── THE DATA
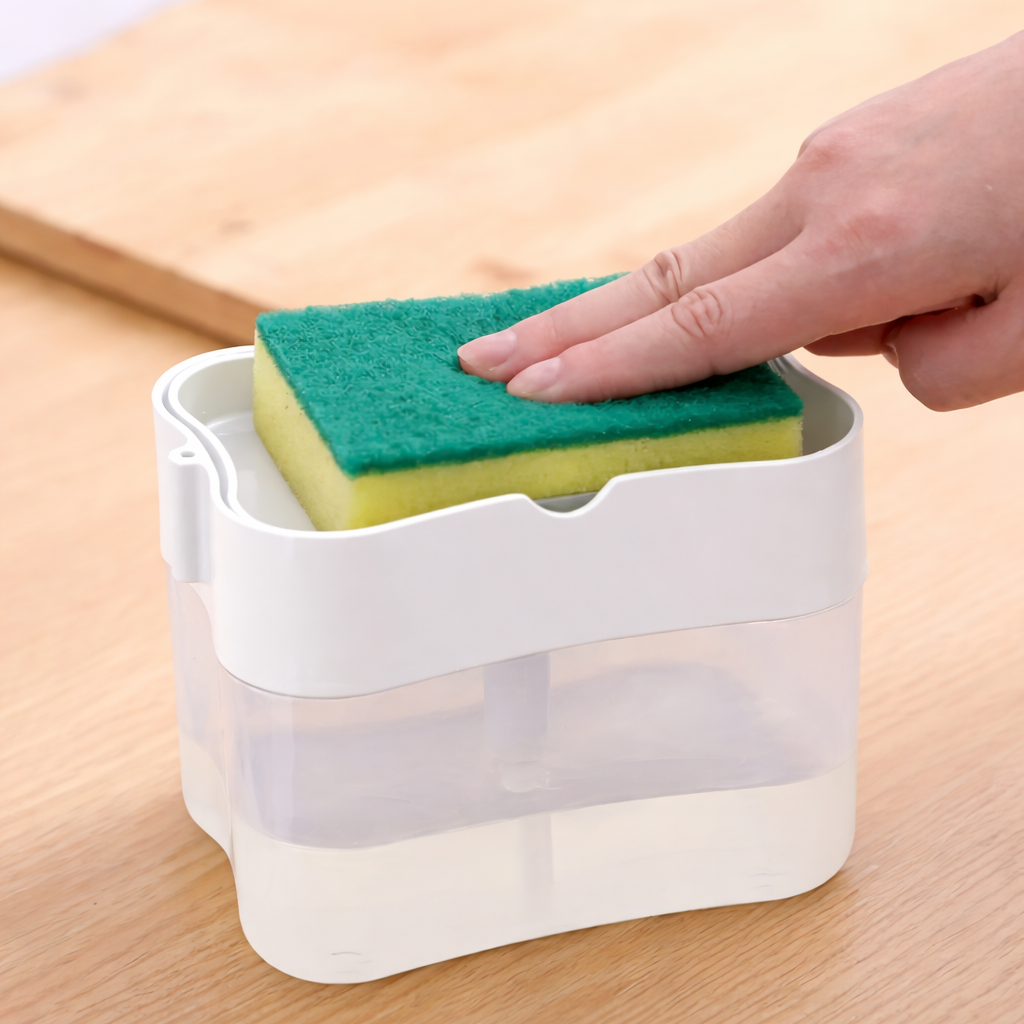 Dispensador de detergente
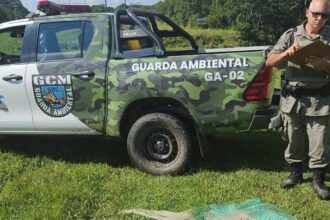 GCM Ambiental aplica R$ 7,2 mil em multa por pesca predatória em São Bernardo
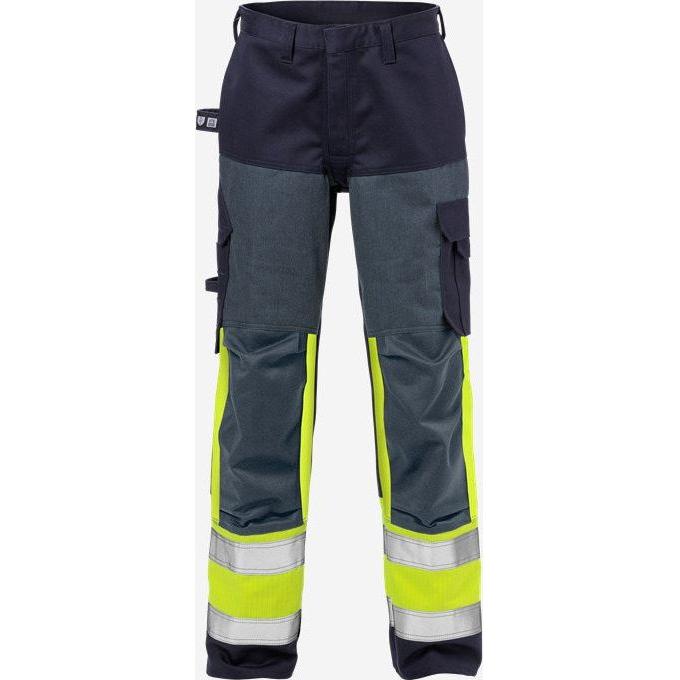 Kansas Flame Vis Bukser Dame 2591 125951 Gul Mari Bukser 125952 171 Dame - Kansas Jeans  - 7322302688193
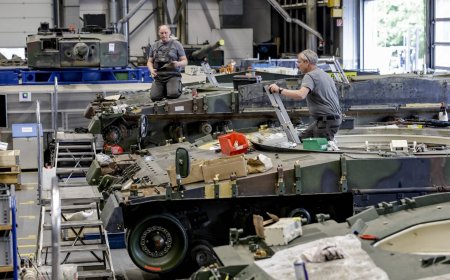 Japan looks to strike up partnerships with Europe's defense sector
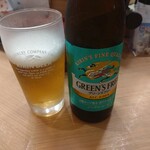 すし江戸 - ノンアルコールビール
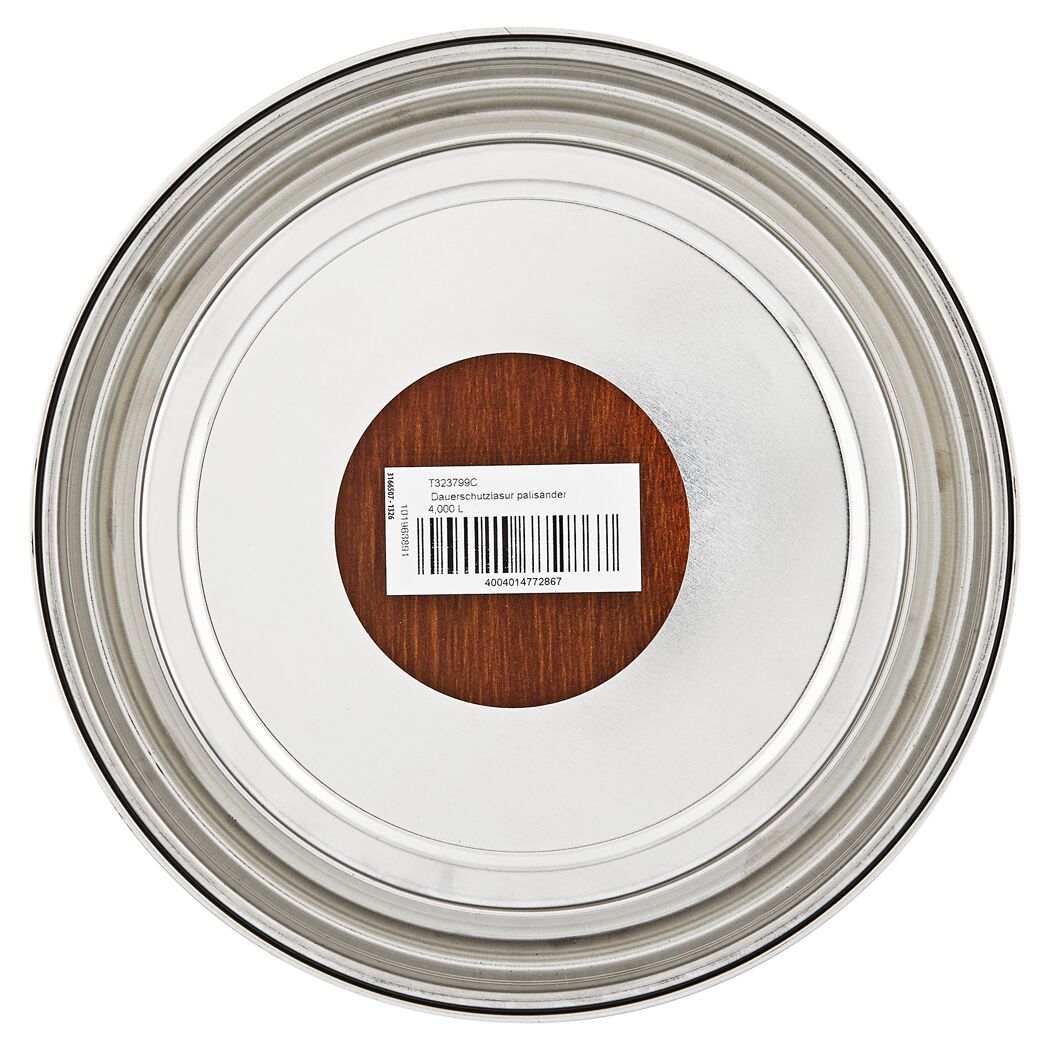 Dauerschutzlasur palisanderfarben 4 l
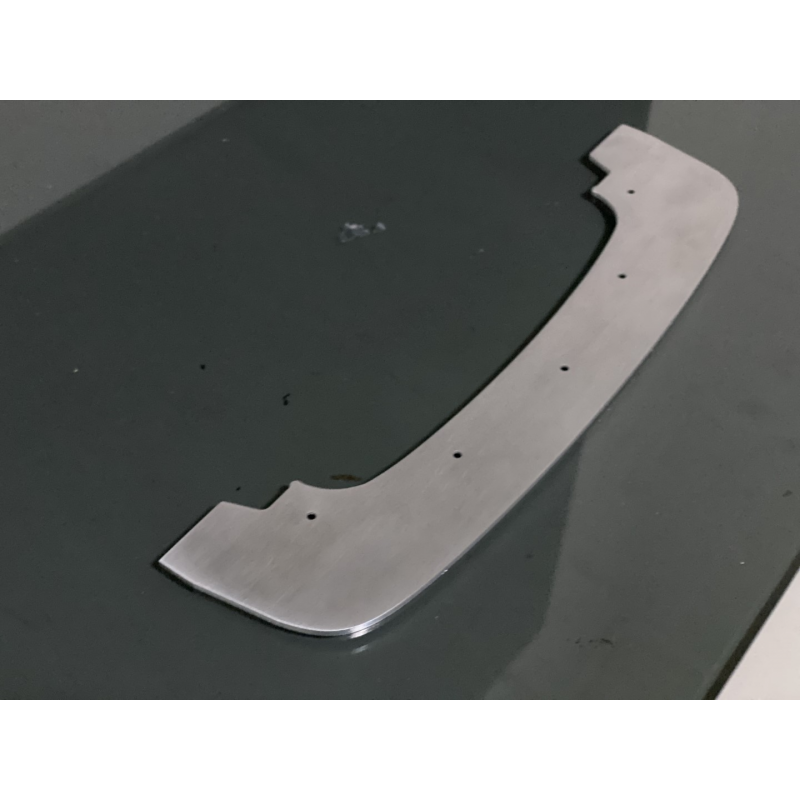 STP1129 INFRACTION FRONT SPLITTER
────
→ WHAT YOU HAVE TO DO
Beginning with the line where "Dauerschutzlasur palisanderfarben 4 l" appears, reproduce every remaining line of the listing above, the last one included, but none of the pictures.

→ TASK RESULT
 Dauerschutzlasur palisanderfarben 4 l
 STP1129 INFRACTION FRONT SPLITTER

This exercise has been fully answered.